**** Dataset records ****

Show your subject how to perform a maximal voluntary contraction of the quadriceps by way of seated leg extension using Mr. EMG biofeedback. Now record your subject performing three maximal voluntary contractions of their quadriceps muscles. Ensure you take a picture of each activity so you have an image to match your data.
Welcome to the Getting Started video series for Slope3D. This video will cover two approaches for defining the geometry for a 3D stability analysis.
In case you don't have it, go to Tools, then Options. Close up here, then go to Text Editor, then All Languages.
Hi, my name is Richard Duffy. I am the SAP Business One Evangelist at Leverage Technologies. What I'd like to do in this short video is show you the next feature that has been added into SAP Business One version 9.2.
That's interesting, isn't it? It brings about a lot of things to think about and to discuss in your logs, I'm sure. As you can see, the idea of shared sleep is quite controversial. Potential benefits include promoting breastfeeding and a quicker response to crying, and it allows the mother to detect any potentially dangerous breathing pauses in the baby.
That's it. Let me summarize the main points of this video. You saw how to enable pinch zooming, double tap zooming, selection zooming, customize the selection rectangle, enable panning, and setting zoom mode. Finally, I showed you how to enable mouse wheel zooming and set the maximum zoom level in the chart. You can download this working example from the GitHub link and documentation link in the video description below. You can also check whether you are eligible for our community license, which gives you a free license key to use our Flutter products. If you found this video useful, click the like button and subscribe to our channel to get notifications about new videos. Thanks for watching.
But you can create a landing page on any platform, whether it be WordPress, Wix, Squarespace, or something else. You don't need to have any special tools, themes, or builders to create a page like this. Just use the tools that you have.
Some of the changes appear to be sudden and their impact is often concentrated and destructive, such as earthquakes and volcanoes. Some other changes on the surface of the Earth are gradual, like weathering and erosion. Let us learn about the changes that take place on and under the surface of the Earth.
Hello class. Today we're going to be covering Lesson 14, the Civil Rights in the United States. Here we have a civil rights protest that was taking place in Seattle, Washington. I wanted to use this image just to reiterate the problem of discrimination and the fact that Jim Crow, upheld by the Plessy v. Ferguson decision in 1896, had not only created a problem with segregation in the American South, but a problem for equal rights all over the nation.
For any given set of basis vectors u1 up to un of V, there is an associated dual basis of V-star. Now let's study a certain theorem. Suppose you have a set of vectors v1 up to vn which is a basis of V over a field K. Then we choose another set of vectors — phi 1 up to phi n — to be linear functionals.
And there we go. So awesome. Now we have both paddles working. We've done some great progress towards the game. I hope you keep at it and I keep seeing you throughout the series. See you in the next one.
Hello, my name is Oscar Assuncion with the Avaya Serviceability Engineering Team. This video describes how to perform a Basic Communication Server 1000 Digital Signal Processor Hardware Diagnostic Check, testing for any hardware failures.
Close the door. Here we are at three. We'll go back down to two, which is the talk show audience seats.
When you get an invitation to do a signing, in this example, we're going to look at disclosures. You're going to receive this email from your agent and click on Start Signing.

****

The answer must be the full data, repeated word for word.

**Exercise response:**
Show your subject how to perform a maximal voluntary contraction of the quadriceps by way of seated leg extension using Mr. EMG biofeedback. Now record your subject performing three maximal voluntary contractions of their quadriceps muscles. Ensure you take a picture of each activity so you have an image to match your data.
Welcome to the Getting Started video series for Slope3D. This video will cover two approaches for defining the geometry for a 3D stability analysis.
In case you don't have it, go to Tools, then Options. Close up here, then go to Text Editor, then All Languages.
Hi, my name is Richard Duffy. I am the SAP Business One Evangelist at Leverage Technologies. What I'd like to do in this short video is show you the next feature that has been added into SAP Business One version 9.2.
That's interesting, isn't it? It brings about a lot of things to think about and to discuss in your logs, I'm sure. As you can see, the idea of shared sleep is quite controversial. Potential benefits include promoting breastfeeding and a quicker response to crying, and it allows the mother to detect any potentially dangerous breathing pauses in the baby.
That's it. Let me summarize the main points of this video. You saw how to enable pinch zooming, double tap zooming, selection zooming, customize the selection rectangle, enable panning, and setting zoom mode. Finally, I showed you how to enable mouse wheel zooming and set the maximum zoom level in the chart. You can download this working example from the GitHub link and documentation link in the video description below. You can also check whether you are eligible for our community license, which gives you a free license key to use our Flutter products. If you found this video useful, click the like button and subscribe to our channel to get notifications about new videos. Thanks for watching.
But you can create a landing page on any platform, whether it be WordPress, Wix, Squarespace, or something else. You don't need to have any special tools, themes, or builders to create a page like this. Just use the tools that you have.
Some of the changes appear to be sudden and their impact is often concentrated and destructive, such as earthquakes and volcanoes. Some other changes on the surface of the Earth are gradual, like weathering and erosion. Let us learn about the changes that take place on and under the surface of the Earth.
Hello class. Today we're going to be covering Lesson 14, the Civil Rights in the United States. Here we have a civil rights protest that was taking place in Seattle, Washington. I wanted to use this image just to reiterate the problem of discrimination and the fact that Jim Crow, upheld by the Plessy v. Ferguson decision in 1896, had not only created a problem with segregation in the American South, but a problem for equal rights all over the nation.
For any given set of basis vectors u1 up to un of V, there is an associated dual basis of V-star. Now let's study a certain theorem. Suppose you have a set of vectors v1 up to vn which is a basis of V over a field K. Then we choose another set of vectors — phi 1 up to phi n — to be linear functionals.
And there we go. So awesome. Now we have both paddles working. We've done some great progress towards the game. I hope you keep at it and I keep seeing you throughout the series. See you in the next one.
Hello, my name is Oscar Assuncion with the Avaya Serviceability Engineering Team. This video describes how to perform a Basic Communication Server 1000 Digital Signal Processor Hardware Diagnostic Check, testing for any hardware failures.
Close the door. Here we are at three. We'll go back down to two, which is the talk show audience seats.
When you get an invitation to do a signing, in this example, we're going to look at disclosures. You're going to receive this email from your agent and click on Start Signing.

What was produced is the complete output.